# Mercedes SL55 AMG F1 pack - Beau Technique



## Beau Technique (Jun 21, 2010)

Thank's to all for taking time to view another escapade by Beau Technique. Today's fun in the sun was this lovely Mercedes SL55 AMG F1 pack. The vehicle was in tidy condition with very low mileage albeit light dust internally and typical dirty engine compartment. Main objective was to produce a nice lustrous gloss fitting for such a beautiful vehicle. On with the before picture's...































































































































Wash process consisted of the usual suspect's. Clean wheels. Pre soak all lower sections / arches / tyres etc. Foam. 2 bucket wash with pH neautral shampoo. Iron x. Tar removal and clayed. Lot of iron contamination and tar to deal with but never the less, removed, dried and into the unit for some much needed love. Plenty of glazing work with glossworkz / Finnesse it black foam and dual action ( DA ) polisher...




























Get rid of this K&N sticker. They look well when new and on certain vehicles but not this...










Engine dressed...





































And arches...










Wheels sealed with Chemical guys wheel gaurd...










Tyre's dressed with Valetpro traditional tyre dressing...










Glass cleaned with Permanon glass cleaner / sealant & trusty Dodo mint merkin...



















Waxed and sealed with Dodo Juice supernatural hybrid... 


















And wiped down with Zaino Z8 grande finale...










Attention to the interior with various brushes. A good through vac of the interior and general tidy round...

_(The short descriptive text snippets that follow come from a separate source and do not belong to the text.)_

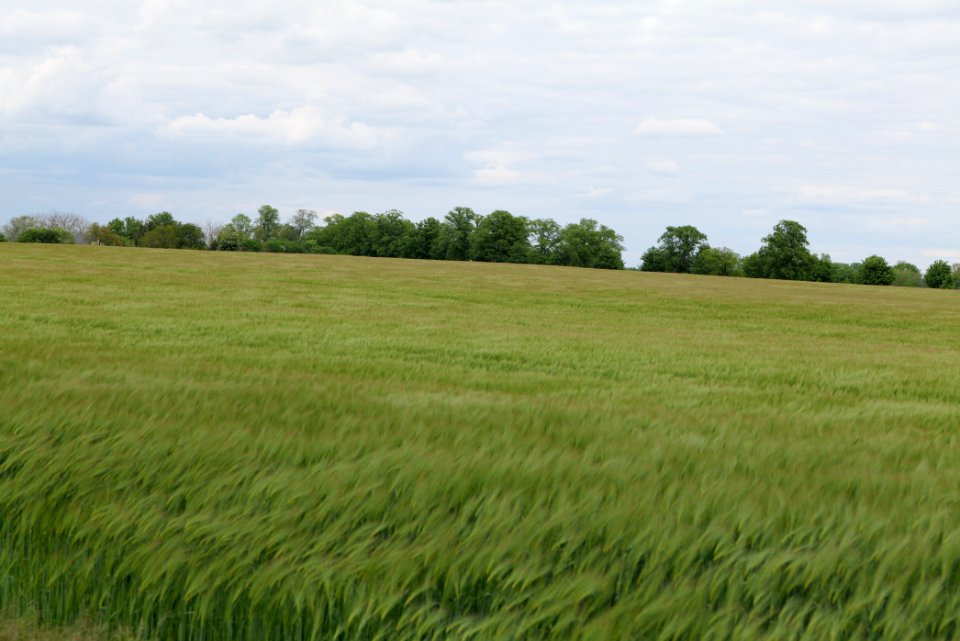 Field in Fehrbellin 2020-05-15 22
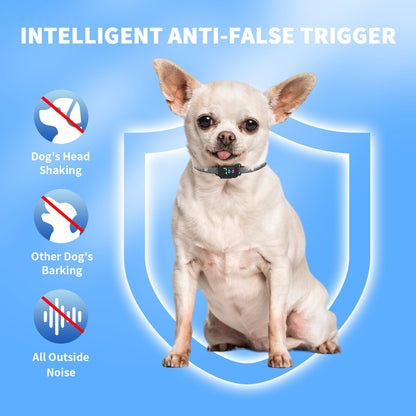 RICIVI Antibellhalsband für kleine Hunde, stromloses Antibellhalsband mit 7 Empfindlichkeitsstufen, 3 einstellbaren Modi (Piepton &amp; Vibration), IP67 wasserdicht – effektiv und tierschonend, Premium Schwarz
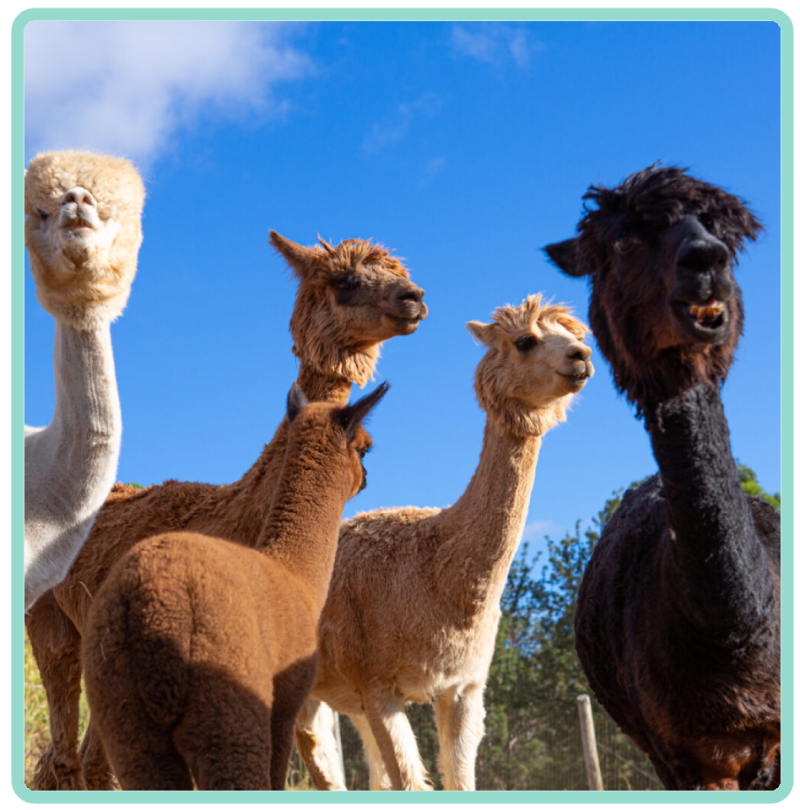 a group of sheep standing on top of a field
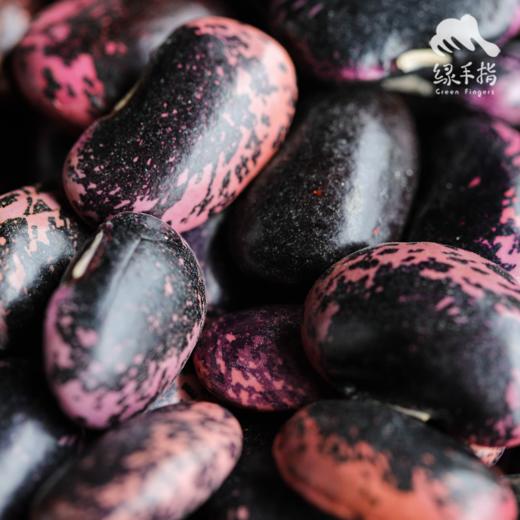 生态高原紫芸豆/白芸豆 | 合作生产*Eco-plateau kidney bean | Partner Production 商品图2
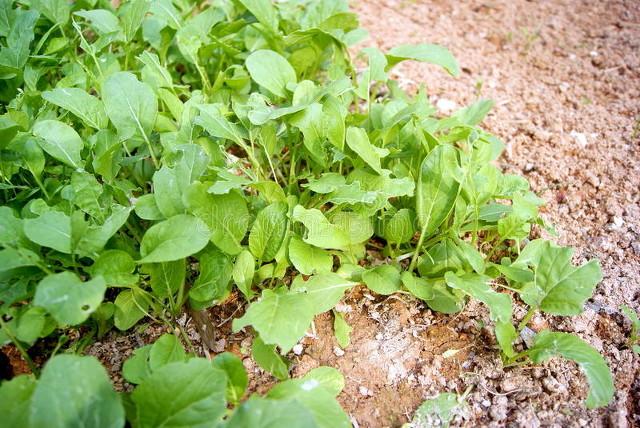 白菜出苗后，蚂蚁、菜青虫危害严重咋办？记住三个方法，轻松搞定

And after some good honest hard work and plenty of tlc, this Mercedes looked fit for a king...


































































































Thanks for looking.










Scott.​


----------



## -tom- (Jan 27, 2009)

Scott stunning work :argie:


----------



## prokopas (Apr 29, 2010)

Great car and very nice job. Well done


----------



## jonjay (Feb 28, 2008)

Lovely, top work Scott.


----------



## DMH-01 (Mar 29, 2011)

Fantastic work buddy.


----------



## North east Car Care (Jan 14, 2008)

Cracking work scott


----------



## chillly (Jun 25, 2009)

Stunning mate


----------



## The_Bouncer (Nov 24, 2010)

Great work and a fantastic car :thumb: - May I ask what brush that is for vents etc ? looks good.

Machine polishing under rear valance... > thats Detailing boys n girls :thumb:


----------



## Trip tdi (Sep 3, 2008)

That car look beautiful, welldone on your efforts you have certainly made it nice a shiny for the customer, he or she must be gob smacked.

Did you take the car for a testdrive at all.

Great interior detail by the way, love the brush lines in the boot.


----------



## Beau Technique (Jun 21, 2010)

-tom- said:


> Scott stunning work :argie:





prokopas said:


> Great car and very nice job. Well done





jonjay said:


> Lovely, top work Scott.





DMH-01 said:


> Fantastic work buddy.





butler2.8i said:


> Cracking work scott





chillly said:


> Stunning mate


Thanks folks.:thumb:



The_Bouncer said:


> Great work and a fantastic car :thumb: - May I ask what brush that is for vents etc ? looks good.
> 
> Machine polishing under rear valance... > thats Detailing boys n girls :thumb:


Cheers bud. Meguiars side lock detail brush. I use others but that ones quite handy.



Trip tdi said:


> That car look beautiful, welldone on your efforts you have certainly made it nice a shiny for the customer, he or she must be gob smacked.
> 
> Did you take the car for a testdrive at all.
> 
> Great interior detail by the way, love the brush lines in the boot.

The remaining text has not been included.